### [Material provided]

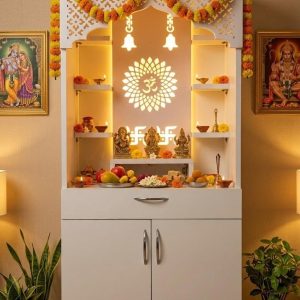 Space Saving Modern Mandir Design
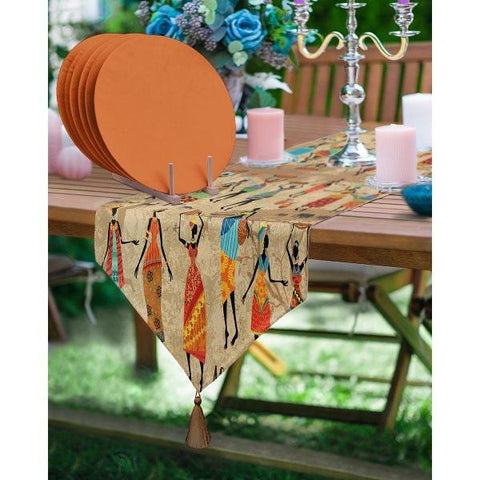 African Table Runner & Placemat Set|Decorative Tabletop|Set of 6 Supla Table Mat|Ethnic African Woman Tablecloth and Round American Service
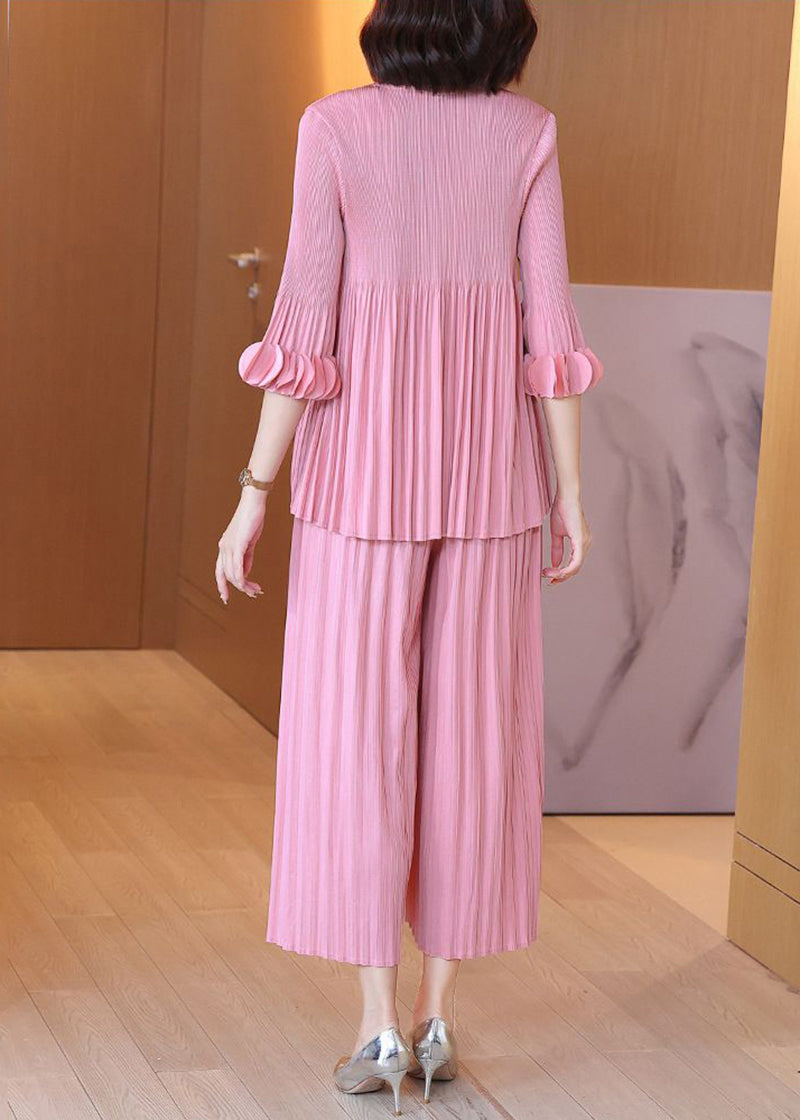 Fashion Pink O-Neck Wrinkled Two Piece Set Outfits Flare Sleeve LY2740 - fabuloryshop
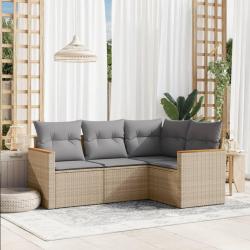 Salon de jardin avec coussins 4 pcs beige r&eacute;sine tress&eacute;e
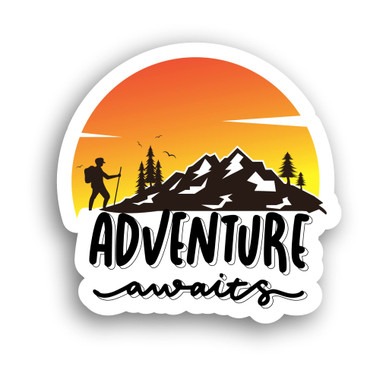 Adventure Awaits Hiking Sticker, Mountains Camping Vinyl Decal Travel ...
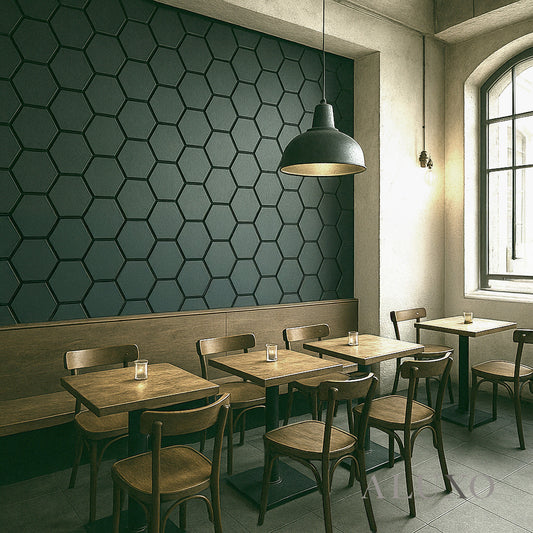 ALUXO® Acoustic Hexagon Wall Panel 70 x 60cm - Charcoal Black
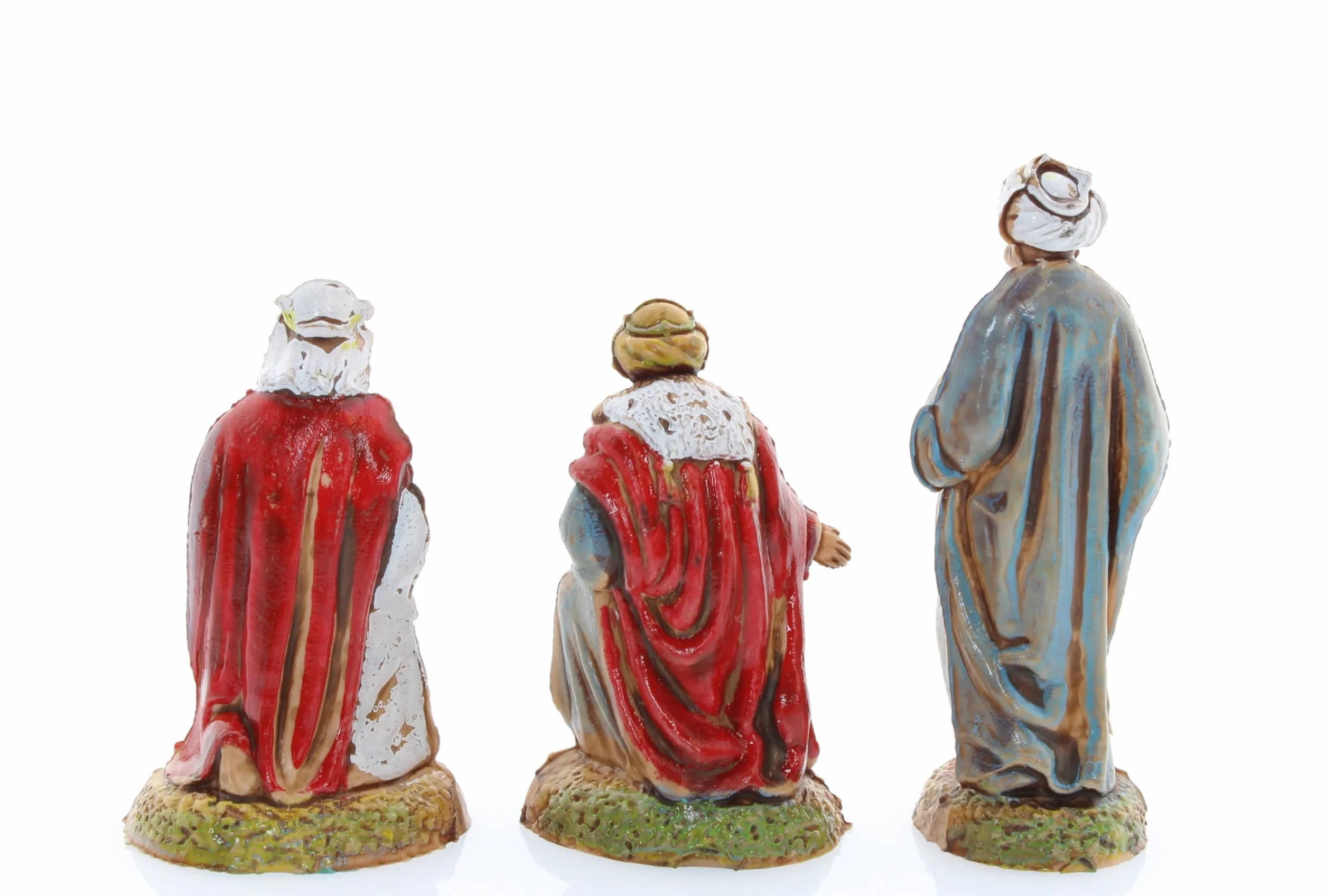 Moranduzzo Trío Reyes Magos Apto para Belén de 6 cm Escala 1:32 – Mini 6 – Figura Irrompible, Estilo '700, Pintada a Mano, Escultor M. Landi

### [Task to carry out]
From the line that contains "ALUXO® Acoustic Hexagon" to the final line of the entries, reproduce every line exactly, both ends included. Leave out all pictures.

### [Exercise response]
 ALUXO® Acoustic Hexagon Wall Panel 70 x 60cm - Charcoal Black
 Moranduzzo Trío Reyes Magos Apto para Belén de 6 cm Escala 1:32 – Mini 6 – Figura Irrompible, Estilo '700, Pintada a Mano, Escultor M. Landi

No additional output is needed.